It was the middle of his interrogation in a South Korean police station, and Chris Tharp was trying to explain satire. "I said that back home in America, we have a tradition of making fun of authority figures, that we make comedy about them, try to bring them down. Then I just stopped. I realized I was digging myself in a hole."

The police had detained Tharp—a sometime Seattle theater artist who was part of an infamous company called Piece of Meat and has been teaching English in Pusan, South Korea, for the past two and a half years—over a sketch comedy he helped produce. Called Babo-palooza (babo is Korean for "fool"), the show sold out two nights in a 60-seat theater with bits about drunken English teachers, overzealous customs agents, and some doggerel about dog-meat soup, called boshintang: "I will not eat this boshintang. I will not eat it, Kang-Jae Wang." It was, Tharp said, a silly evening that gently mocked both Koreans and Westerners.

Less than two weeks later, police came to the university where Tharp works and detained him and another performer for questioning, fingerprinting, and a drug test. "Luckily, we were all clean," he said. "In Korea, failing a piss test is the same as possession: You go to jail for a few months and get deported." At the station, he remembered selling one of his interrogators a ticket: Two undercover detectives had attended the show.

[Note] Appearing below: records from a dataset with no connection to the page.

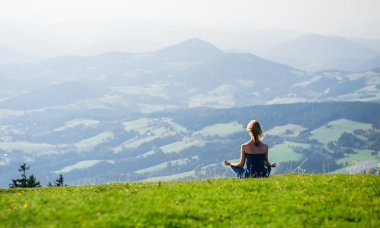Genç bir kadın dışarıda meditasyon yapıyor.
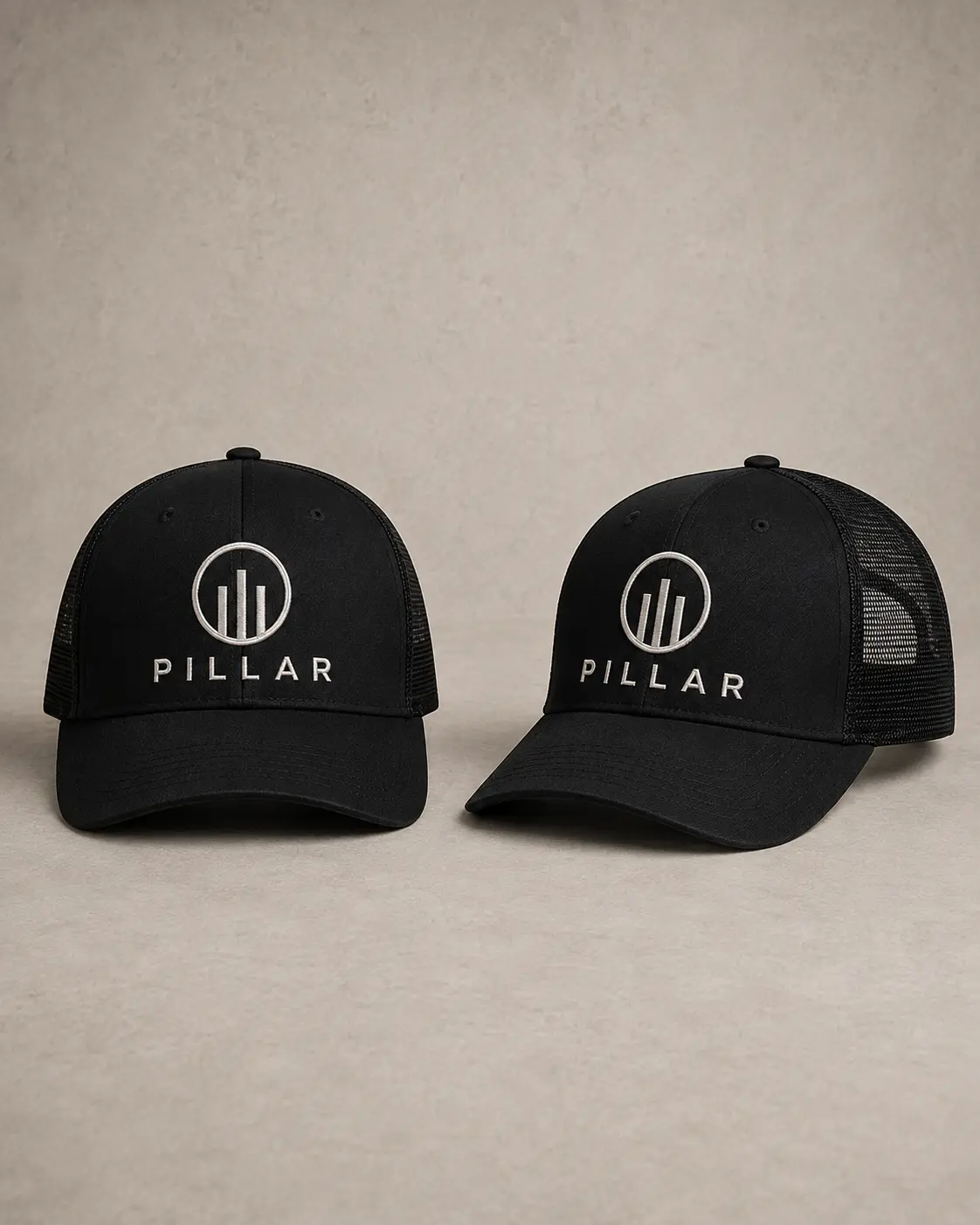 Front and three-quarter views of the black embroidered PILLAR trucker hat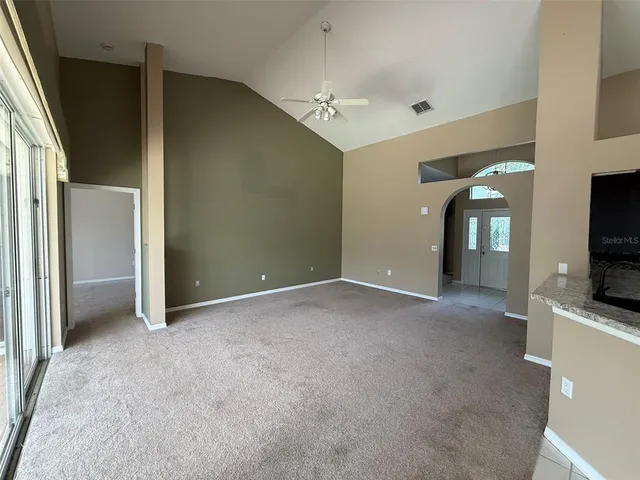 a view of a livingroom with an empty space and a fireplace
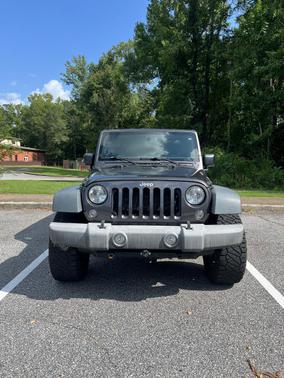 Gray 2016 Jeep Wrangler Unlimited Sport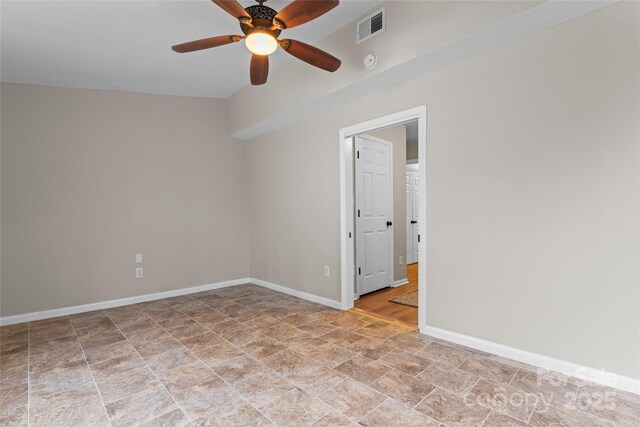 empty room featuring a ceiling fan, visible vents, and baseboards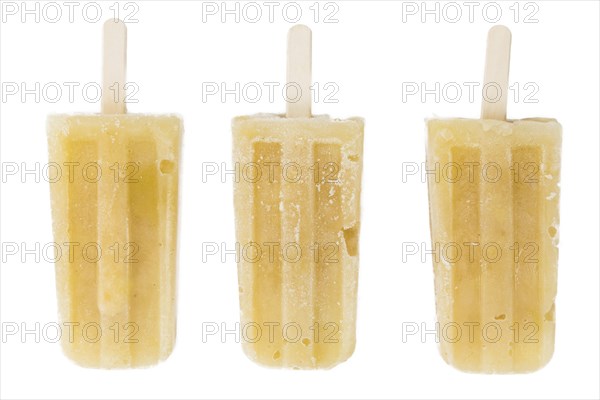 Fresh made Apple Popsicles (close-up shot) isolated on white background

The police said that the performance violated the expatriates' work visas, but most of the questioning was about the content: why it was called Babo-palooza, what the jokes meant, what the performers were "trying to say."

Investigators were especially curious about a sketch making fun of an ignorant Westerner being interrogated by nationalistic immigration officials. "In Korea, we do not have a tradition of mocking superiors," Tharp remembers the policewoman saying. "Why do you do?"

The police released the performers and said they'd pass the results of their investigation on to a prosecutor who will decide whether the foreigners will be warned, fined, or deported.

Tharp called the American embassy, which gave him the standard line: We can't get involved in your local legal issues. The Korean and English newspapers casually distorted the story, making the show seem more pointedly racist than good-natured. One newspaper renamed the show Oriental Story. Another reported that it primarily mocked old Korean women. "This country has totally different journalistic standards," Tharp said. "I can't even tell you."

Despite the trouble, Tharp loves Korea and doesn't want to leave. He teaches at a university, travels, and stages the occasional play. Last year he helped mount a production of Dario Fo's Accidental Death of an Anarchist. "We're just amateurs," he said. "Not everything we do is funny or successful. But it doesn't warrant a trip to the police station."